The same general considerations apply to these PRs: ordinarily, these
refactor changes to consensus code wouldn’t meet the bar for review cost and
risk -vs- benefit. However, splitting them off from the main schnorr/taproot
PR makes reviewing the logical changes to consensus in the main PR easier and
safer.
PR 18401: Initialize PrecomputedTransactionData in CheckInputScripts
When a signature for a transaction input is created or verified, different
parts of the transaction are hashed into a transaction digest. This is the
e value in e = Hash(m) that is used in the signing/verification
algorithm.
The transaction digest algorithm for pre-segwit transaction inputs is
documented here (in
particular, look at the verifyThisStr string in step 9 of the
diagram,
which is the data that is hashed).
For pre-segwit transaction inputs, the transaction digest has to be
recalculated from scratch for each signature. This means that in the worst
case the amount of data that needs to be hashed is quadratic in the size of
the transaction. See Sergio Demian Lerner’s bitcoin talk
post for more details of this
quadratic hashing issue. The Bitcoin Core
blog
and Rusty Russell’s blog also have good
explanations.
To resolve the quadratic hashing problem, the way that the transaction digest
is calculated was changed for segwit inputs.

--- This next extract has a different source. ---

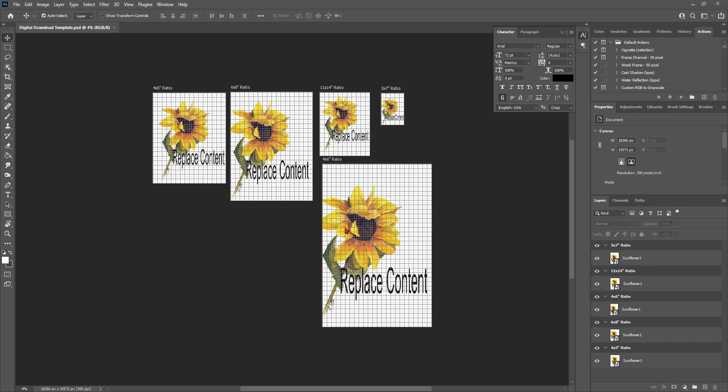This is something that you can create to handle that if you don't use Canva. In this particular instance, I've put together this template that I use to replace the content every single time to create these files that I can then use as my digital downloads for Etsy. I'm going to show you how to replace and use the file that I'm providing. If you want to create your own, I've included a link in the course materials to a really good YouTuber that provides great instruction on Photoshop.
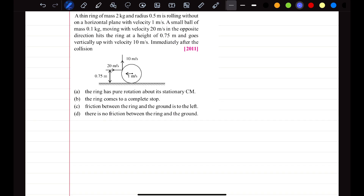In this question, a thin ring of mass 2 kg and radius 0.5 meter is rolling on a horizontal plane with a velocity of 1 meter per second. The mass of the ring is 2 kg, the radius is 0.5 meter, and the velocity u1 is in the left direction, so negative 1 meter per second.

See BIP
143 for the
motivation and specification.
The segwit transaction digest is designed so that parts of the digest are
shared between all the signatures in a transaction. This means that the total
amount of data to be hashed for the transaction is linear in the size of the
transaction.
This shared data between all signatures of a transaction is stored in the
PrecomputedTransactionData object, which was added in PR
8524.
Segwit v1 (taproot) makes some very minor changes to the transaction
digest algorithm. Specifically, the transaction digest commits to the
amounts of all inputs (instead of just the amount of the input being signed)

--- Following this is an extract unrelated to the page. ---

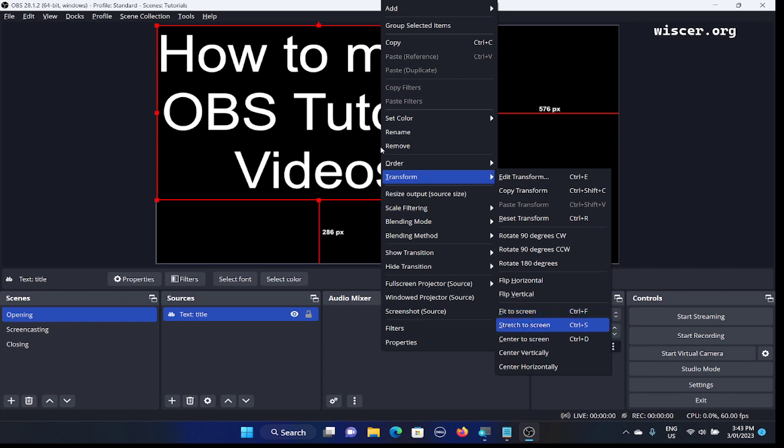We're going to use this sub-menu to fit the text to the screen. Press down arrow: 'Stretch to Screen' Control+S. Stretch to screen will stretch the text to fit both vertically and horizontally, matching the screen width and height, but it changes the text proportions — that's not what we want. We want the proportions to stay the same, so choose 'Fit to Screen' Control+F. This will fit the text to screen proportionally.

and to the scriptPubKey of the output being spent. See BIP
341
for the full description of the transaction digest.
Because of these changes, more data needs to be stored in the
PrecomputedTransactionData object. This PR changes the way that the object
is constructed and initialized so that a future commit in PR
17977
can add that data to the object.
PR 18422: Move single-sig checking EvalScript code to EvalChecksig
Tapscript
is the scripting language used for scripts in a taproot tree (taproot has
versioning for scripts, so a future soft fork could introduce a different
scripting version or language).
Tapscript has almost the same semantics as Bitcoin Script. One notable
difference is that OP_CHECKSIG and OP_CHECKSIGVERIFY both verify schnorr
signatures instead of ECDSA signatures.
This PR extracts most of the logic for OP_CHECKSIG and
OP_CHECKSIGVERIFY from the very large EvalScript() function.
A future commit in PR
17977
modifies this function to switch on which flags have been passed into the
script interpreter in order to determine whether to do schnorr or ECDSA
signature verification.
A new PrecomputedTransactionData default constructor is added which
doesn’t initialize the data members. Where do they get initialized instead?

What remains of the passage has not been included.